A Buddhist architect with a good understanding of Christianity
You can see the influence of Tetsukawa Yosuke everywhere in Egami church, including in the way he designed the altar
It is said that the pattern of the wood grain on the church's slender pillars was achieved using a comb. This is similar to how, in Europe, people make imitation marble pillars by giving a marble pattern to pillars made from stone. On Egami church’s window panes there are cherry blossom flowers which have been drawn on by hand. The man who designed Egami church, Tetsukawa Yosuke, had formed deep friendships with the French missionaries Father de Rotz and Father Pelu, and had eagerly learnt from them about Western construction techniques.
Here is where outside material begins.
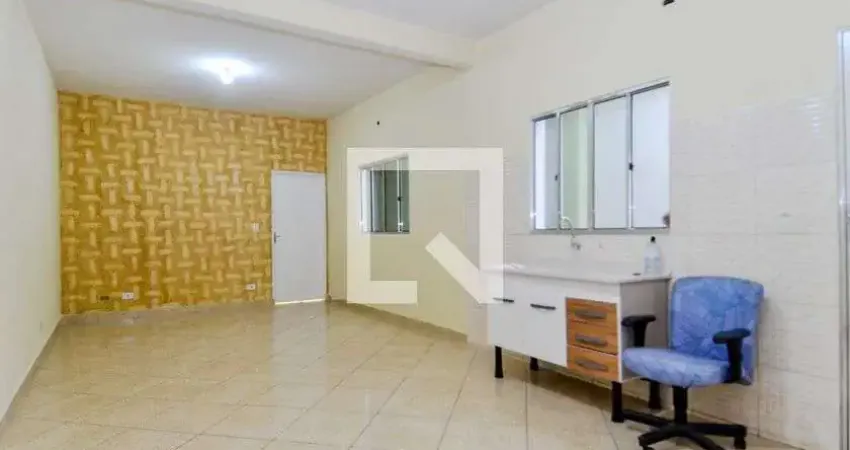 Casa para Aluguel - Jardim Adriana, 1 Quarto,  67 m² - Guarulhos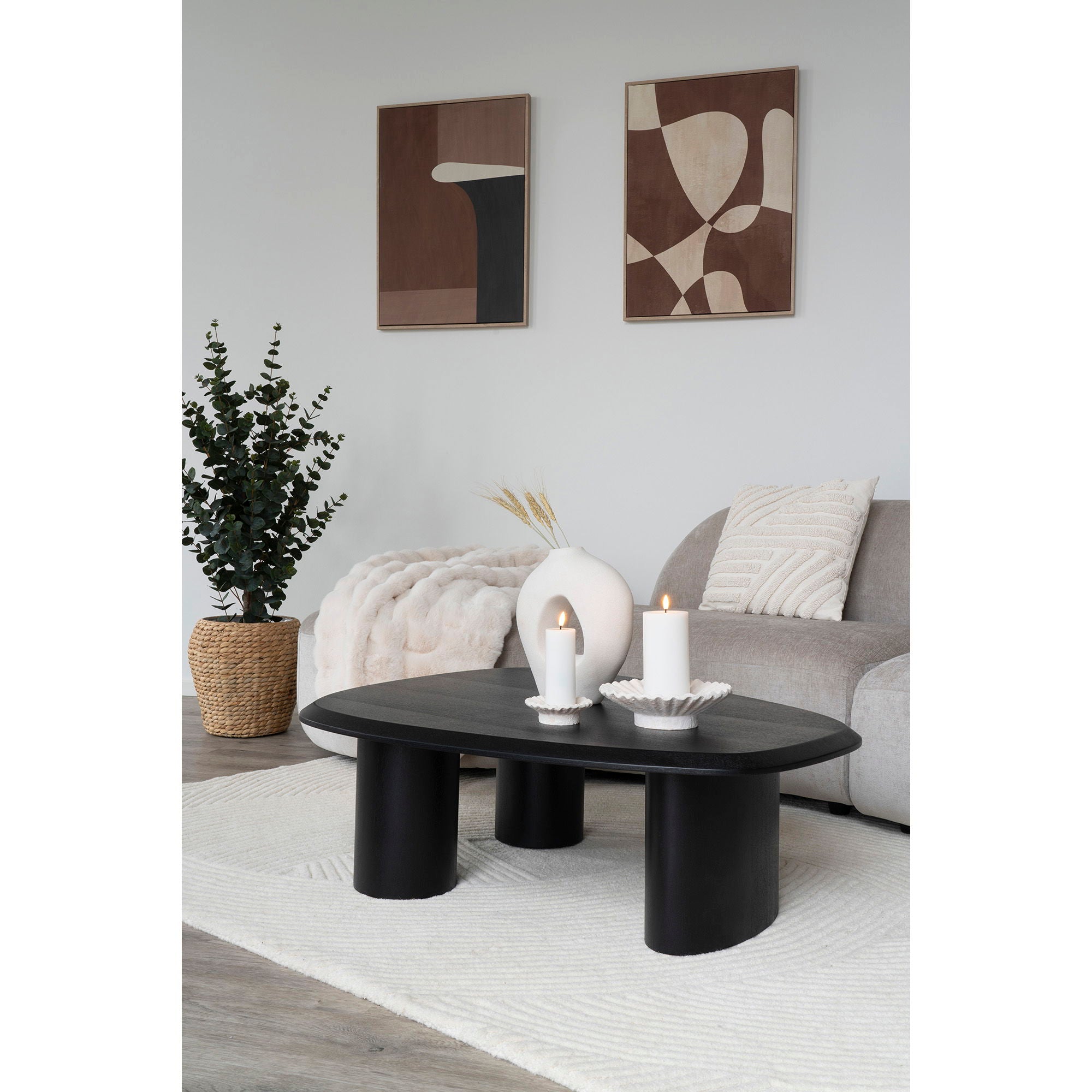 Mand Pallacanestro – elegant rieten mand in natuurlijk waterhyacint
In this regard, it is interesting to note that the same wood grain pillars as those mentioned above can also be seen in Shitsu church in Sotome (where the construction was overseen by Father de Rotz).
The altar of Egami church was also designed by Tetsukawa. On the back of a plan which was only discovered in 2005, the following is written: "Made on 20th June Taisho 6 [the 6th year of the Taisho era] at Minami Tabira Tenshudou construction studio for Egami in Naru island, Goto. Designs carried out were ears of wheat, grapevines with grapes and roses". In Christianity, wheat and grapes are often used to symbolise the Body and Blood of Christ, and the rose is a symbol for Mary. The combination of these designs along with the statue of St. Joseph above the altar evoke the Holy Family.
These design features tell us that although Tetsukawa Yosuke was himself a Buddhist, through his encounter with the foreign missionaries he had come to acquire a good understanding of Christianity.